An athletic coach is a person coaching in sport, involved in the direction, instruction, and training of a sports team or athlete.


The original sense of the word Coach is that of a horse-drawn carriage, deriving ultimately from the Hungarian city of Kocs where such vehicles were first made. Students at the University of Oxford in the early nineteenth century used the slang word to refer to a private tutor who would drive a less able student through his examinations just like horse driving.[1]

Britain took the lead in upgrading the status of sports in the 19th century. For sports to become professionalized, "coacher" had to become established. It gradually professionalized in the Victorian era and the role was well established by 1914. In the First World War, military units sought out the coaches to supervise physical conditioning and develop morale-building teams.[2]


John Wooden had a philosophy of coaching that encouraged planning, organization, and understanding,[3] and that knowledge was important but not everything when being an effective coach.[4] Traditionally coaching expertise or effectiveness has been measured by win–loss percentage, satisfaction of players, or years of coaching experience,[5] but like in teacher expertise those metrics are highly ambiguous.[6] Coaching expertise or effectiveness describes good coaching,[7] which looks at coaching behaviour,[8] dispositions, education, experience,[9] and knowledge.[10]

A widely used definition of effective coaching is "the consistent application of integrated professional, interpersonal, and intrapersonal knowledge, to improve athletes competence, confidence, connection, and character in specific coaching contexts".[5][11]

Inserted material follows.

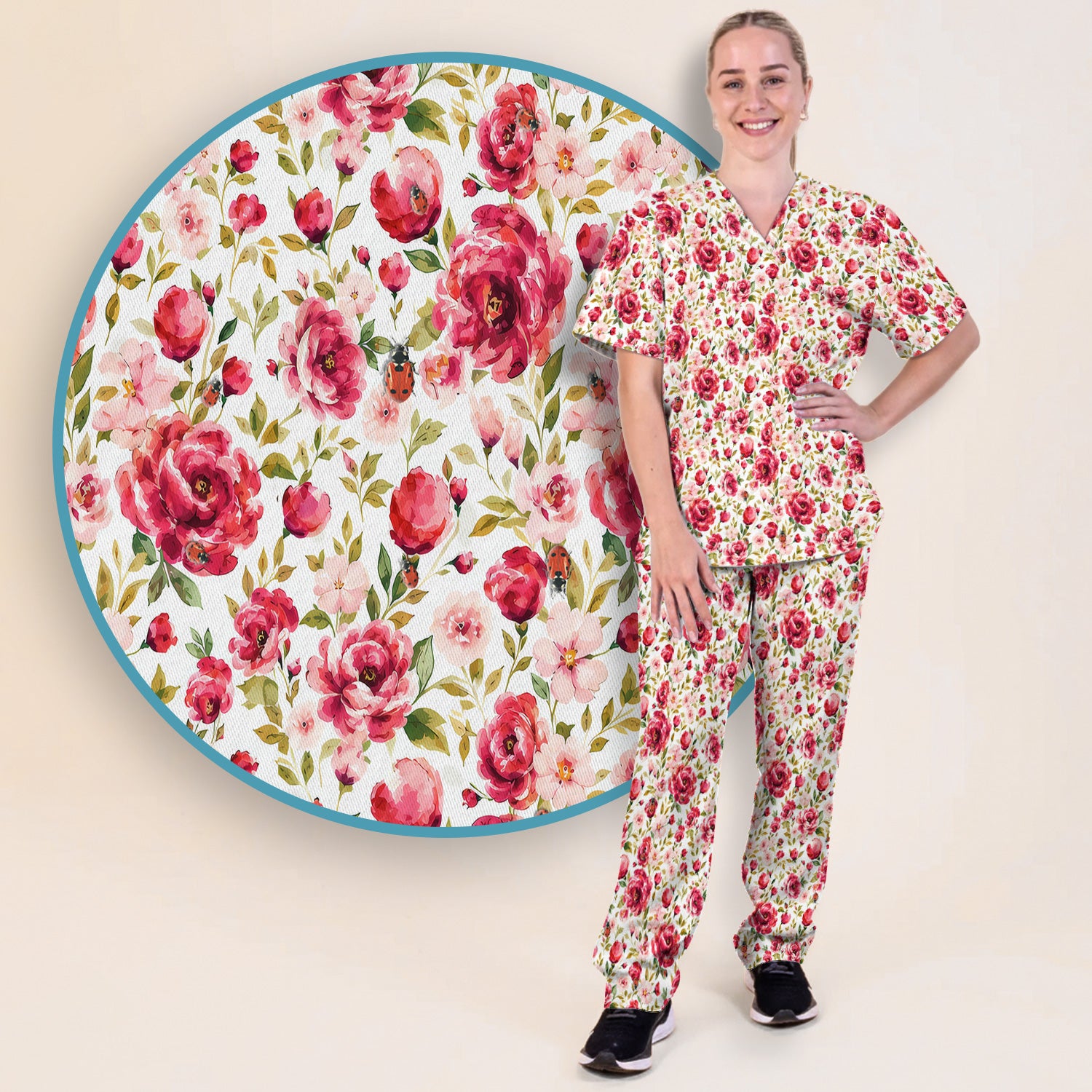 Pink Rose Ladybug Garden Pattern Scrub Set, Scrub Pants and V Neck Top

Coaches need descriptive knowledge and procedural knowledge that can relate to all aspects of coaching, with expert coaches using tacit knowledge more freely.[12] Teachers' knowledge has been categorized,[13] like coaches knowledge with various terms being used.[14] Such terms assist players and athletes' understand what the coach is trying to get them to execute. Augmented feedback is one of the terms used, which is the term used for the different ways a coach can give evaluations.[15] Many categories fall under content knowledge, pedagogical knowledge, and pedagogical-content knowledge.[16] When considering the need to build relationships with others[17] and athletes,[18] interpersonal knowledge has been included.[19] Then when considering professional development, which requires the skills to learn from experience[20] while utilizing reflective practice,[21] intrapersonal knowledge has been included.[19]

It is rare in professional sport for a team not to hire a former professional player, but playing and coaching have different knowledge bases.[22] The combination of professional, interpersonal, and intrapersonal knowledge can lead to good thinking habits, maturity,[23] wisdom,[24] and capacity to make reasonable judgements.[5]

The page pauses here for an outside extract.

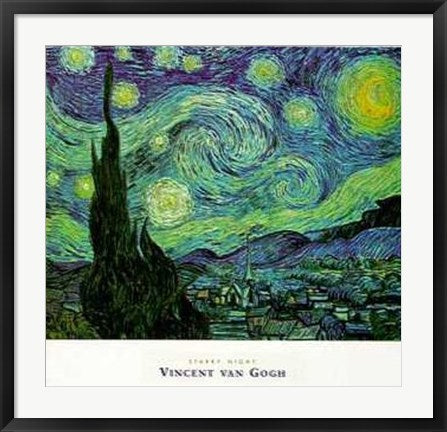 Framed Art Starry Night by Vincent van Gogh | 22 x 28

The subject, sport, curricular, and pedagogical knowledge all fall under this category of professional coaches knowledge.[19] Including the "ologies" of sports science like;[25] sport psychology, sport biomechanics, sport nutrition, exercise physiology, motor control, critical thinking, sociology, strength and conditioning, and sporting tactics,[26] with all the associated sub areas of knowledge.[27] This category of knowledge is what most coach education has been focused on [28] but this alone is not enough to be an effective coach.[29]

Coaching is not just about sport specific skills [30] and education,[31] especially when taking a holistic approach.[32] Keeping sports people safe,[33] and healthy [34] while participating are responsibilities of a coach as well as awareness of social factors like the relative age effect.


Much of coaching involves interacting with players, staff, community, opposition, and then family members in youth sport.[19] The relationships built in a sports team influence the social interactions which can affect player performance and development, fan culture,[35] and in professional sport, financial backing. Effective coaches have knowledge that helps in all social contexts to make the best of each situation,[36] with the coach–athlete relationship.[37] being one of the most crucial to get right.[38]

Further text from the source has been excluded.